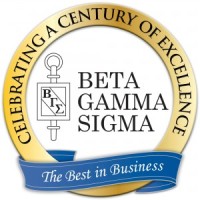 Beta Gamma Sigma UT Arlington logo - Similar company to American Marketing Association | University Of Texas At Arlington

--

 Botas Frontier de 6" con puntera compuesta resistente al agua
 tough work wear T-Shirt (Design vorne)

What is needed: For this task, write out exactly the lines of the entries above, starting at the line with "Botas Frontier de" and ending at the line with "tough work wear T-Shirt (Design vorne)", both included, and no others.

Response:
 Botas Frontier de 6" con puntera compuesta resistente al agua
 tough work wear T-Shirt (Design vorne)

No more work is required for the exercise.